HOW TO COMPLETE THIS TASK => Needed from the data below: every line from the one with "Hey there, I" up to and including the one with "Disclaimer: Crypto is", repeated exactly and with nothing else.

--- AVAILABLE DATA Enclosed Below ---

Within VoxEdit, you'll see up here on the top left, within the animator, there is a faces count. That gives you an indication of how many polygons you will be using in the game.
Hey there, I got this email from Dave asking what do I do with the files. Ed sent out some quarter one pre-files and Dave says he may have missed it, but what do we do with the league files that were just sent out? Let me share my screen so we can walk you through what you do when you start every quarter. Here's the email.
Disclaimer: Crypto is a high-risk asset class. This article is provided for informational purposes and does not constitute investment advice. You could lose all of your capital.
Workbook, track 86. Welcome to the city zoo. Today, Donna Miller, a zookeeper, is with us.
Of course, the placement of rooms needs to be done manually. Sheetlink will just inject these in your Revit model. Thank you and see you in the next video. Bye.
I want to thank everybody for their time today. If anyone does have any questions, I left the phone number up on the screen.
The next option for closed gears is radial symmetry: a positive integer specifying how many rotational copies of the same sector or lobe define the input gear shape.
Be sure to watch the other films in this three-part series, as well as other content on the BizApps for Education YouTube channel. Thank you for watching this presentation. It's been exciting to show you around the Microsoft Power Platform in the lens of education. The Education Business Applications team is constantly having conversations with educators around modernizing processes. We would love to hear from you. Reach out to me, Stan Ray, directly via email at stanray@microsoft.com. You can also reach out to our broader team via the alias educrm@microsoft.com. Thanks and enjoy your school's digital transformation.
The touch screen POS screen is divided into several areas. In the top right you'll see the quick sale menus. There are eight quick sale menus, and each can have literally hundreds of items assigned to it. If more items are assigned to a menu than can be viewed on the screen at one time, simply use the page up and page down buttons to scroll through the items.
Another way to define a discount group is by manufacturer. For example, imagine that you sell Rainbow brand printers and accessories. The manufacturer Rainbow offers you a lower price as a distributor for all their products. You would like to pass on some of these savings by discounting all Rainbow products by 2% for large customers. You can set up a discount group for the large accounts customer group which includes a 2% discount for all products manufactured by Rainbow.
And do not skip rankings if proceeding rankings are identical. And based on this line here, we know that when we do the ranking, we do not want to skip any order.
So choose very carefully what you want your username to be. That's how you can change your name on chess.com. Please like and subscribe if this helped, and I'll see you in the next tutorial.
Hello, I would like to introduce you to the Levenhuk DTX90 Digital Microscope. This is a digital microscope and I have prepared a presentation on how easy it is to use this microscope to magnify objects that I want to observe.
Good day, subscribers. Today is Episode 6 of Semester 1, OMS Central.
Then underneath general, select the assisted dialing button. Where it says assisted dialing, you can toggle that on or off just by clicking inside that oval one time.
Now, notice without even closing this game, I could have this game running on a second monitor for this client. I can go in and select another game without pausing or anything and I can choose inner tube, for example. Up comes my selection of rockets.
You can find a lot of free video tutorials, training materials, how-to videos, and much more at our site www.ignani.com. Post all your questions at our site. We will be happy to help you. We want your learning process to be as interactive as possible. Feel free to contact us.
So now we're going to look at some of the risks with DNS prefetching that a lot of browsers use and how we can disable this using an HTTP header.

--- End of Enclosed AVAILABLE DATA ---

EXPECTED OUTPUT =>
Hey there, I got this email from Dave asking what do I do with the files. Ed sent out some quarter one pre-files and Dave says he may have missed it, but what do we do with the league files that were just sent out? Let me share my screen so we can walk you through what you do when you start every quarter. Here's the email.
Disclaimer: Crypto is a high-risk asset class. This article is provided for informational purposes and does not constitute investment advice. You could lose all of your capital.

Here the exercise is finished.